Depuis la façade d’une auberge à côté de l’Hôtel de Ville, on entendit sonner une bizarre horloge d’où surgit en automate ventru l’ancien maire de Rothenburg. Levant une main de maître, il but d’un coup toute une cruche de vin de Moselle, sauvant ainsi pour la énième fois la ville de la destruction pendant la guerre Trente ans.

Très haut au-dessus de nous, une banderole claquait dans le vent, portant en gigantesques caractères : « Bienvenue à la parade médiévale ! »


Ber Kotlerman

Traduit du yiddish par Macha Fogel

Ber Kotlerman, professeur de littérature et de culture yiddish à l’université Bar Ilan, en Israël, appartient à la nouvelle génération « non orthodoxe » d’auteurs yiddish. Il a passé son enfance au Birobidzhan, la région autonome juive de l’Extrême-Orient russe, où sa famille a émigré après la Shoah. De la fin des années 1990 au début des années 2000, il a été directeur de l’Association des écrivains et journalistes yiddish en Israël et représentant israélien des New York Yiddish Forverts. Depuis 1999, il collabore à divers périodiques yiddish aux États-Unis, en Israël, en Pologne et en France. Il y a un an, un nouveau livre en yiddish de Kotlerman a été publié à Londres, cette fois une histoire à suspense sur la vie juive en Chine, Forsaken (Di opgeshtoysene).

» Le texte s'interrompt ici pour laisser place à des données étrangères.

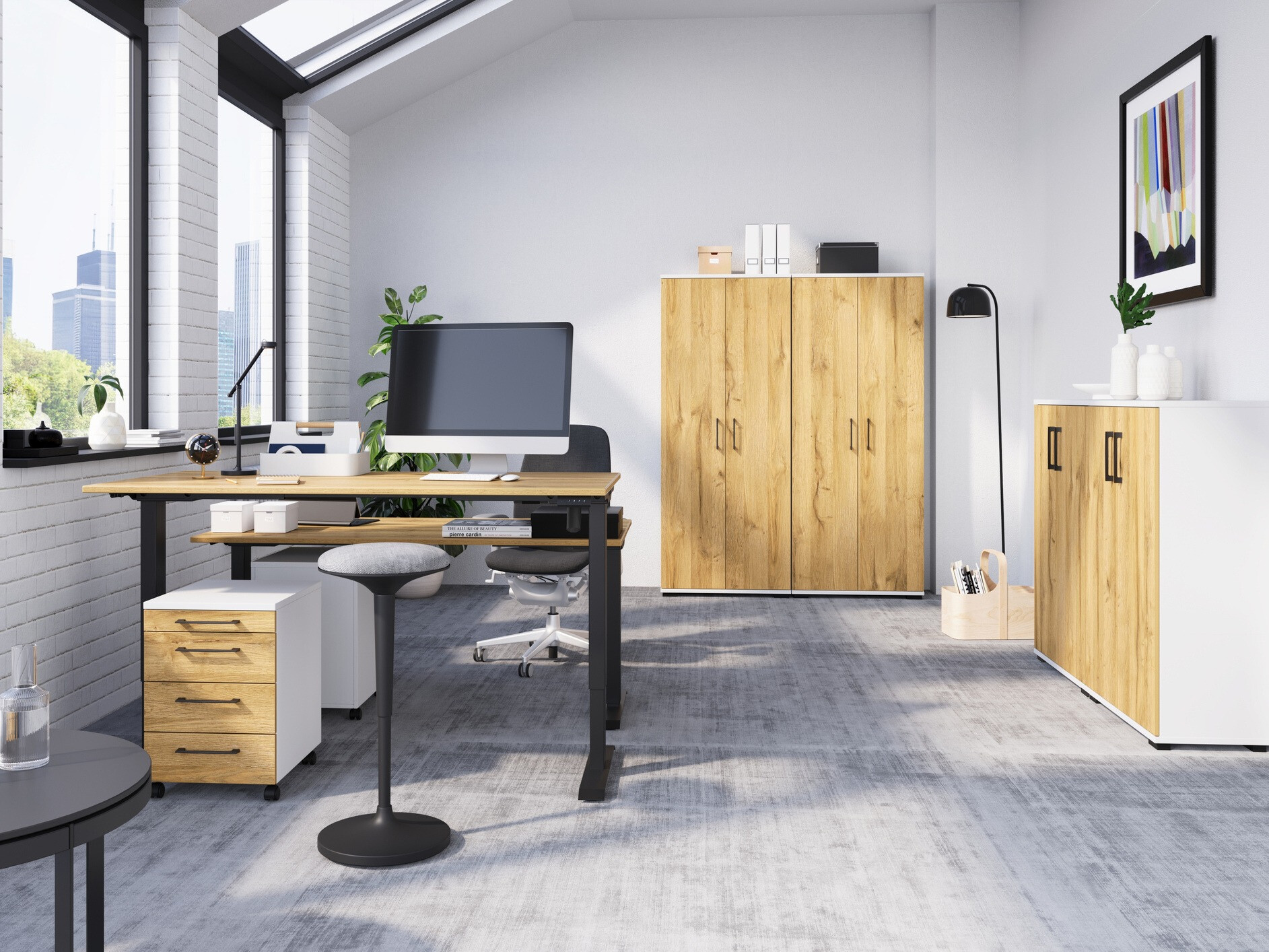 Ladičar Lartesi 105 (Bijela + Hrast Grandson)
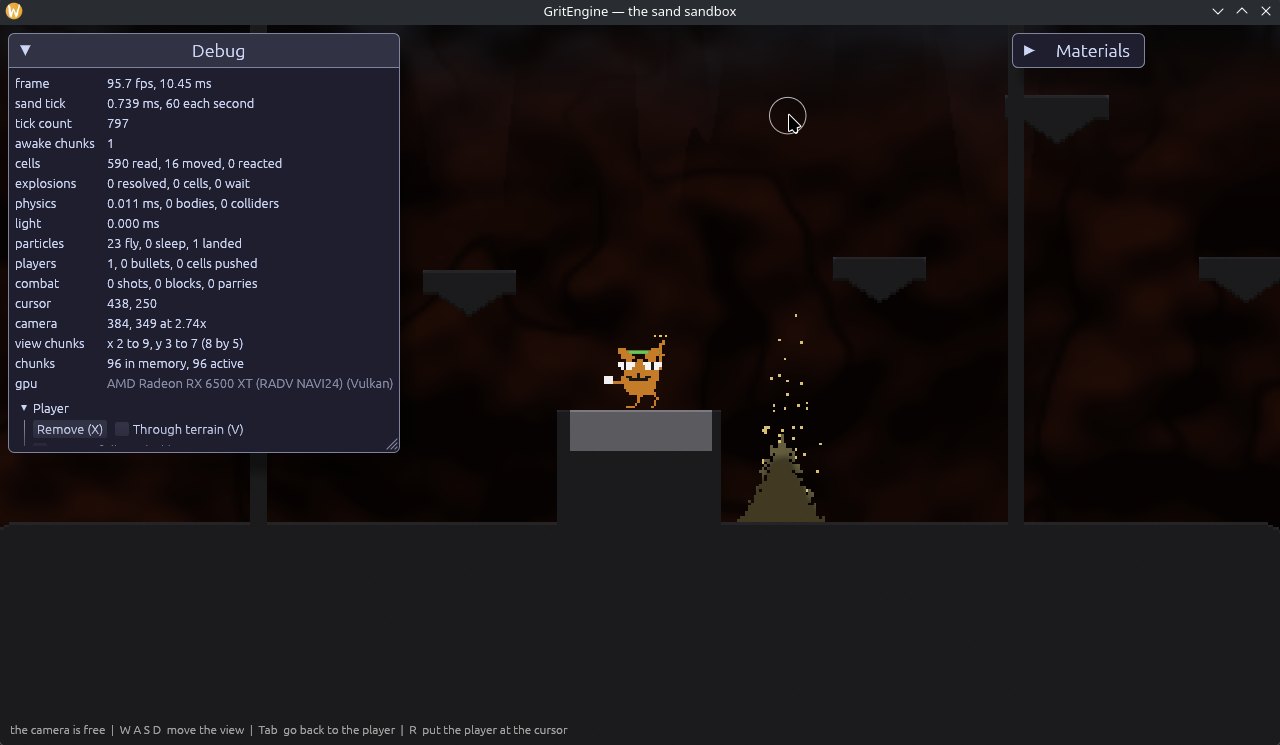 The sandbox on a quiet scene: the debug panel showing frame and simulation timings, a player character on a stone platform, and sand pouring into a heap beside it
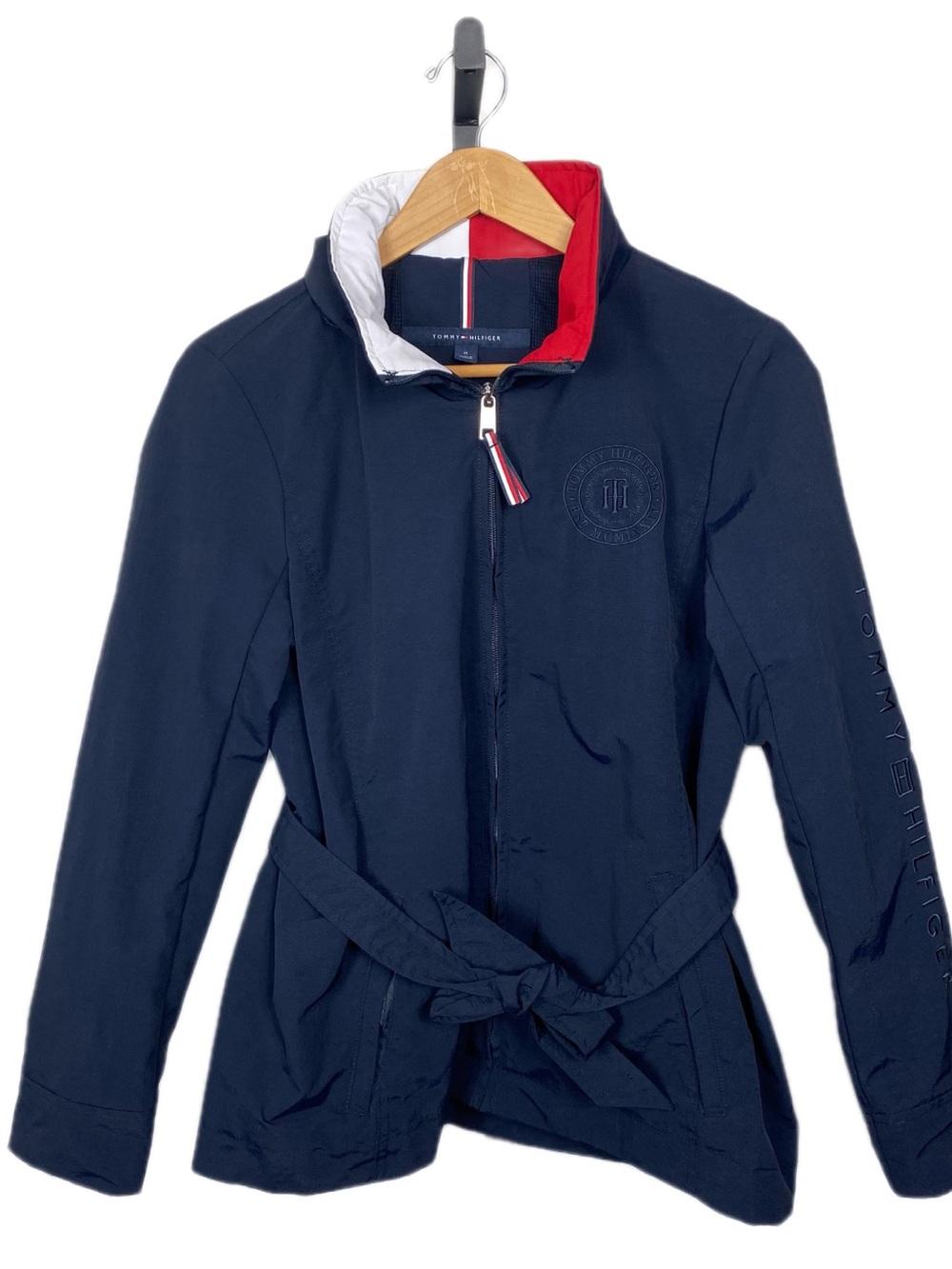 Tommy Hilfiger Women's Blue Zip Front Hooded Belted Jacket Navy Windbreaker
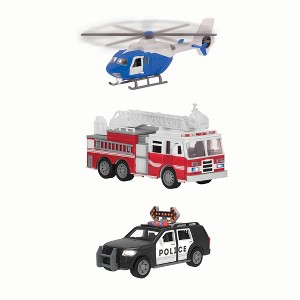 DRIVEN by Battat – Small Toy Emergency Vehicle Set – Micro Rescue Fleet - 3 pk - 1 of 4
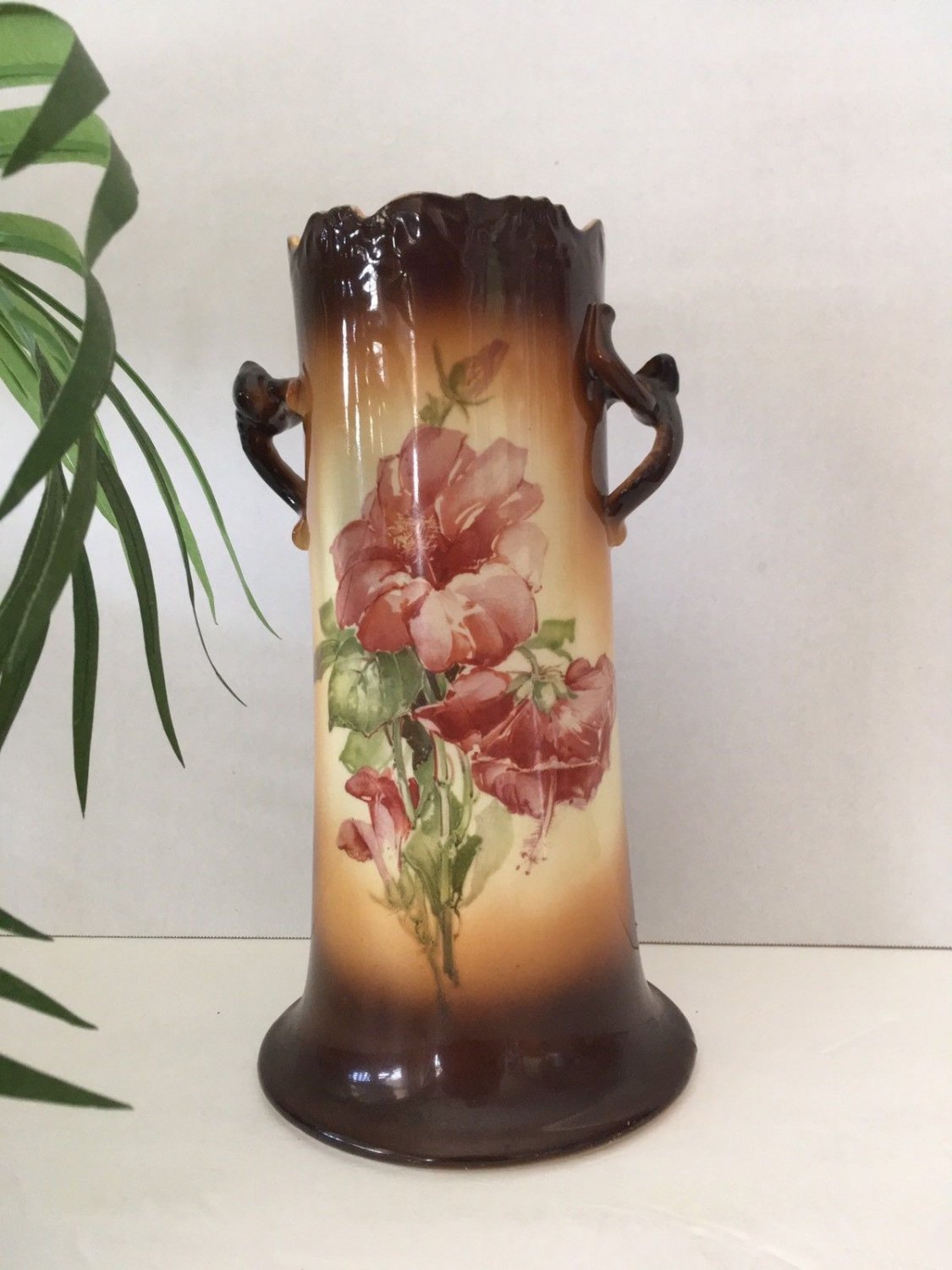 Antique IOGA Warwick Floral Vase, Double Handles, Scallop Edge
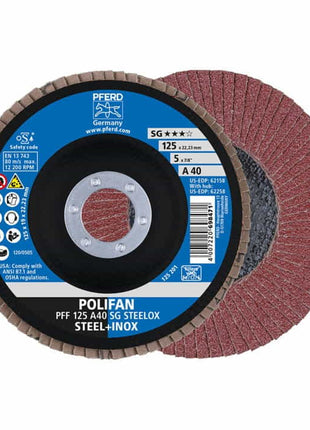 Arandela dentada PFERD POLIFAN A SG STEELOX Ø 115 mm grano 80 plana (4000841552)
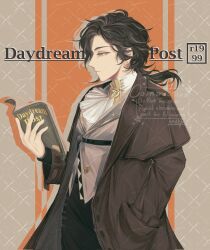 Rule 34 | 1girl, black hair, black skirt, book, brown coat, coat, commission, drop shadow, english text, from side, greta hofmann, grey background, grey jacket, hand in pocket, hand up, highres, holding, holding book, jacket, long hair, nan (mentegamadu), open book, orange background, profile, reading, reverse:1999, shirt, skirt, solo, two-tone background, upper body, watermark, white shirt, yellow eyes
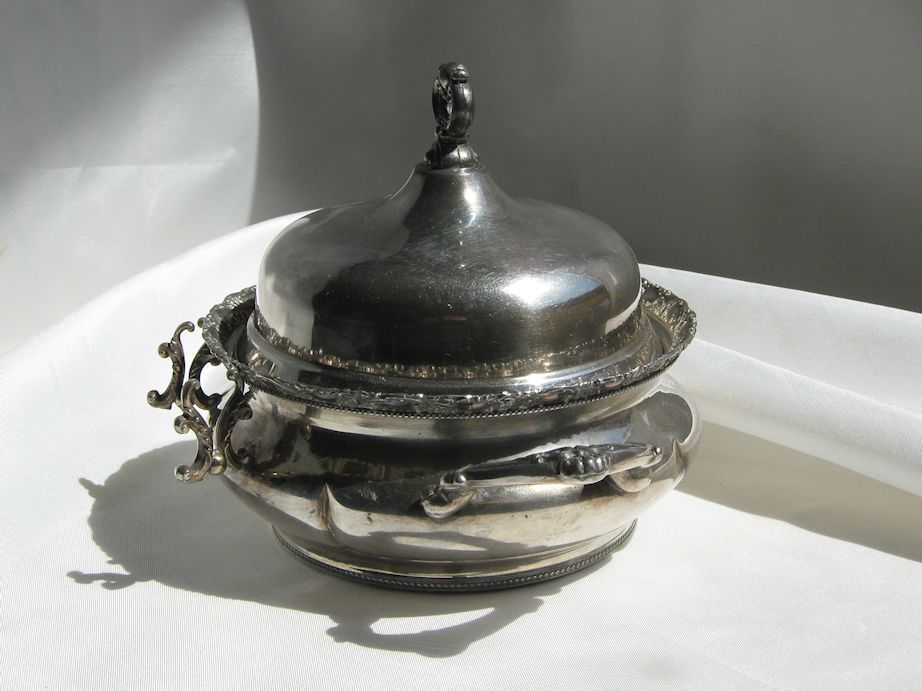 Antique Butter Bowl - Quadruple Silver Plated Antique Butter Bowl - Quadruple Silver Plated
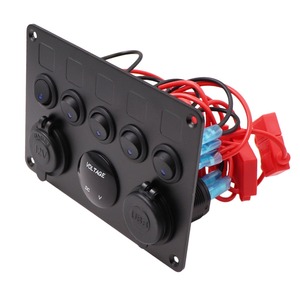 Panneau de commutateur à bascule LED marin 5 gang ON-OFF avec 2 chargeurs USB 12v-24v - Product Image 6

Ber Kotlerman a reçu le prix Hirsh et Dvora Rosenfeld pour la littérature yiddish pour son recueil de nouvelles originales en yiddish intitulé The Secret of Polar Bears (Der sod fun vayse bern, Tel Aviv, 2017) dont est extrait la nouvelle « Rothenburg »

Notes

1 Extrait de l’élégie du rabbin Meir de Rothenburg du 13e siècle intitulée « Sha’ali serufa ba’esh » (« Demande, ô toi qui es brûlé dans le feu ») pour commémorer la destruction du Talmud de Paris en 1244, lorsque des centaines de manuscrits juifs ont été brûlés par le clergé chrétien. Il est récité par les Juifs ashkénazes le jour du jeûne de Tisha B’av.